Just traversing the mine was treacherous. To get from tunnel to tunnel you have to walk on narrow paths, slick with mud, above steep open pits. Workers pressed by with enormous loads of rocks on their backs. Others shouted at us as they ate or drank. A crowd gathered everywhere we stopped. People badgered us for money and cigarettes. Apparently a rumor had spread that we had arrived to purchase the mine. We were obvious outsiders, and people stared at us wherever we went.
Finally we ducked into one of the tunnels at random. The curious crowd stopped at the mouth of the tunnel, so we were undisturbed as we walked through the darkness to the end. We turned on our headlamps and approached a small man, shirtless, crouched on a narrow ledge over a dark shaft. Breathing hard, he pounded a steel spike into the rock with a hammer. Blow after blow, the spike barely moved. Finally he stopped pounding and looked at us, these white strangers, and said hello.
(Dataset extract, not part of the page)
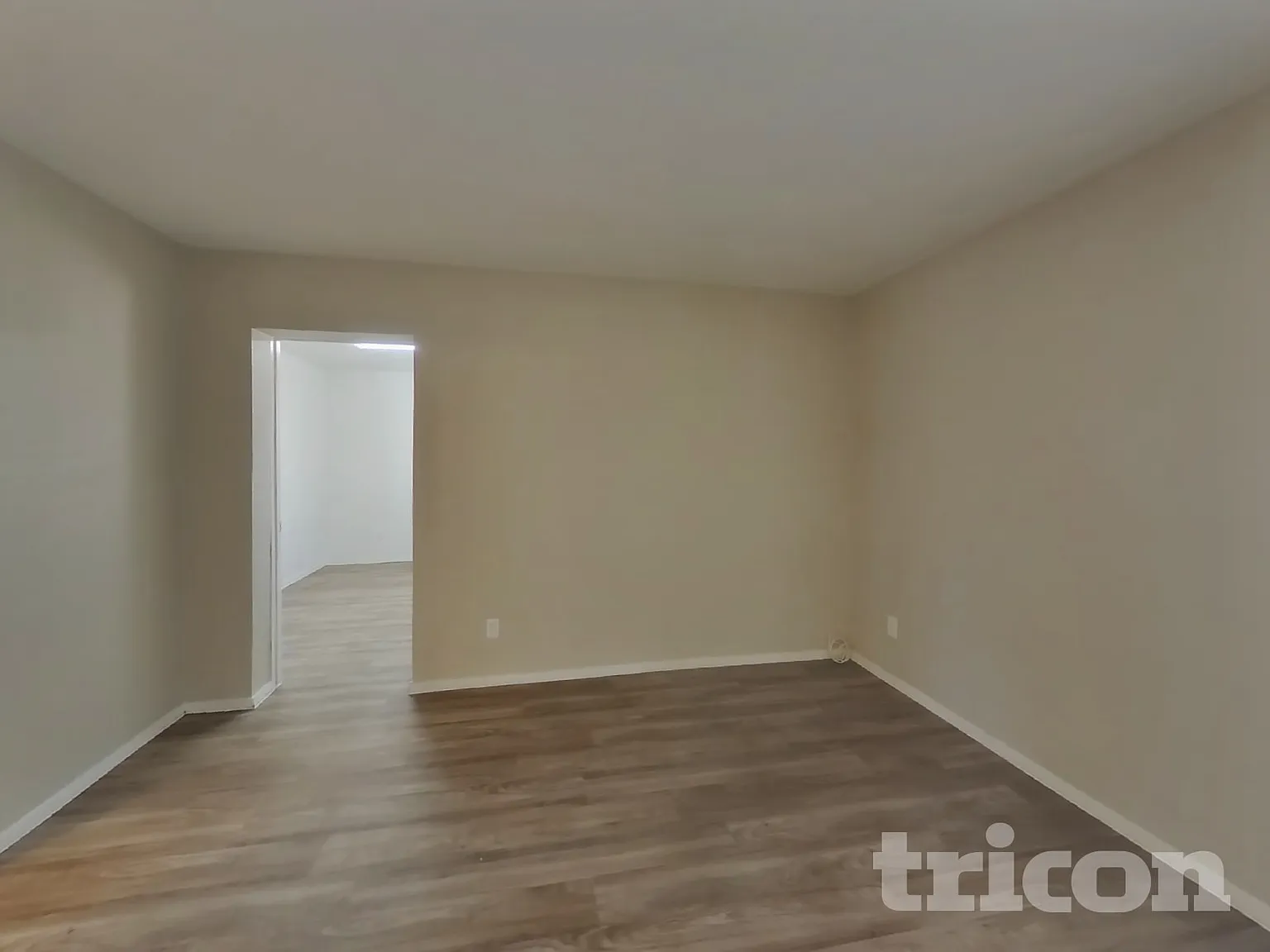 8102 W Heatherbrae Drive Phoenix AZ — Photo 2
"Is it okay if we talk to you?" I asked.
"I'd be happy to answer questions from foreigners," he said. "Communication is important between peoples."
I found his old-fashioned manners so surprising after the reception we'd received outside, and I almost sighed with relief. He told me his name was Fidele Musafiri. That he was 35 years old, and had a wife and young daughter living in the settlement at the base of the mountain. He hadn't seen them in a week, he said; he was trying to earn enough money to make the trip back home worthwhile. Most nights he slept here, in the tunnel, a flattened plastic jug for a bed.
The tunnel where Fidele worked was a sort of refuge from the many forces working against him: from the traders selling necessities at exorbitant prices; from the buyers and their crooked scales; from the soldiers and their brutal extortion. There may have been no light here, but there was peace, and there were friends, and there was work. The irony was that the harder Fidele worked, the more mineral he found, the more he became a target, a victim of other people's greed.
But Fidele does not see himself as a victim. Like every miner I met in Bisiye, he hopes — even expects — to strike it rich. It's this hope that has sustained him for the six years he's worked in the mines.
Note: Since I spent time with Fidele, war has broken out in the region. The first gun battle came two days after I got out of the jungle. As I write this, in November 2008, it's not clear how the situation will be resolved. But it's fair to guess that not much will change for Fidele, or for the other miners at Bisiye. Rival groups have been fighting over this territory since before Fidele was born. As long as Western manufacturers continue to purchase the minerals, there will be plenty of people to mine them.